LGDec 18, 2025

Bridging Training and Merging Through Momentum-Aware Optimization

arXiv:2512.17109v2h-index: 33
Originality Incremental advance
AI Analysis

This work addresses the inefficiency in workflows for training and merging large neural networks, offering a unified pipeline that reduces computational waste and improves performance, though it is incremental in optimizing existing processes.

The paper tackles the problem of inefficiently discarding curvature information during neural network training and then recomputing it for model merging, proposing a unified framework that maintains momentum and curvature statistics during training to enable geometry-aware model composition. The result shows that this approach outperforms magnitude-only baselines across sparsity levels, with multi-task merging improving by 1.6% over strong baselines, while incurring only about 30% memory overhead over AdamW.

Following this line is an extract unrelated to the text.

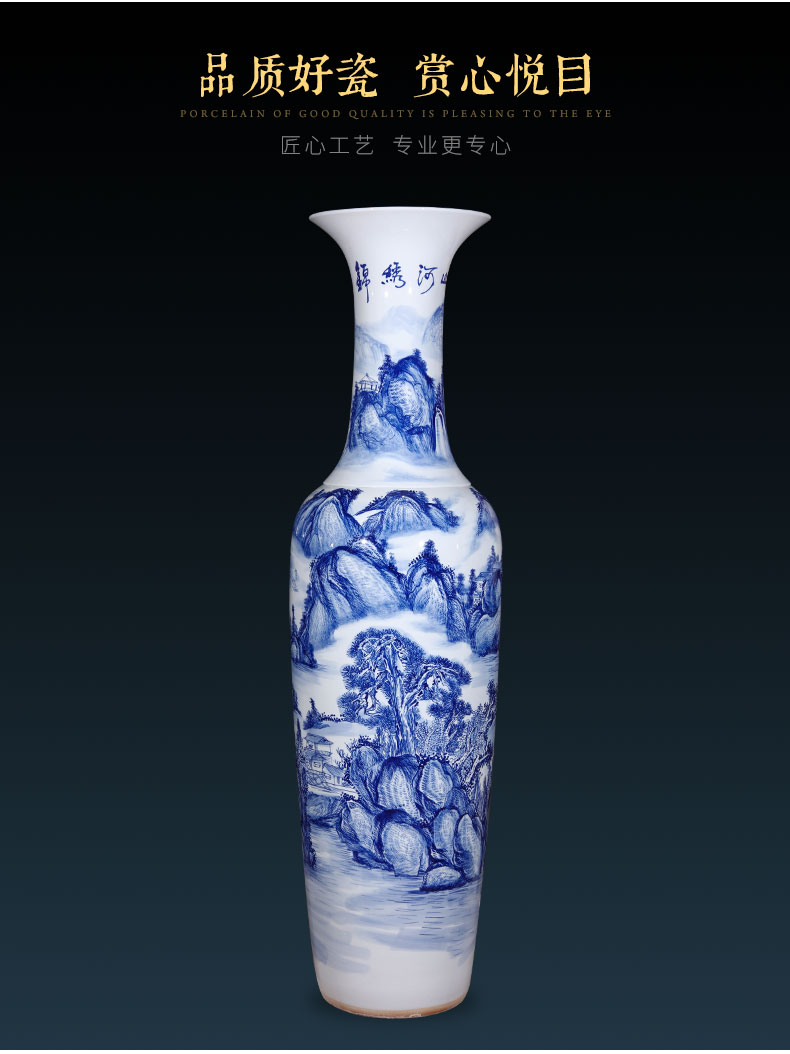 Jingdezhen ceramics hand - made archaize of large blue and white porcelain vase Chinese style living room hotel villa decorations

Training large neural networks and merging task specific models both exploit low rank structure and require parameter importance estimation, yet these challenges have been pursued in isolation. Current workflows compute curvature information during training, discard it, then recompute similar information for merging wasting computation and discarding valuable trajectory data. We introduce a unified framework that maintains factorized momentum and curvature statistics during training, then reuses this information for geometry aware model composition. The proposed method incurs modest memory overhead (approximately 30% over AdamW) to accumulate task saliency scores that enable curvature aware merging. These scores, computed as a byproduct of optimization, provide importance estimates comparable to post hoc Fisher computation while producing merge-ready models directly from training. We establish convergence guarantees for non-convex objectives with approximation error bounded by gradient singular value decay. On natural language understanding benchmarks, curvature aware parameter selection outperforms magnitude only baselines across all sparsity levels, with multi-task merging improving 1.6% over strong baselines. The proposed framework exhibits rank-invariant convergence and superior hyperparameter robustness compared to existing low-rank optimizers. By treating the optimization trajectory as a reusable asset rather than discarding it, our approach demonstrates that training-time curvature information suffices for effective model composition, enabling a unified training merging pipeline.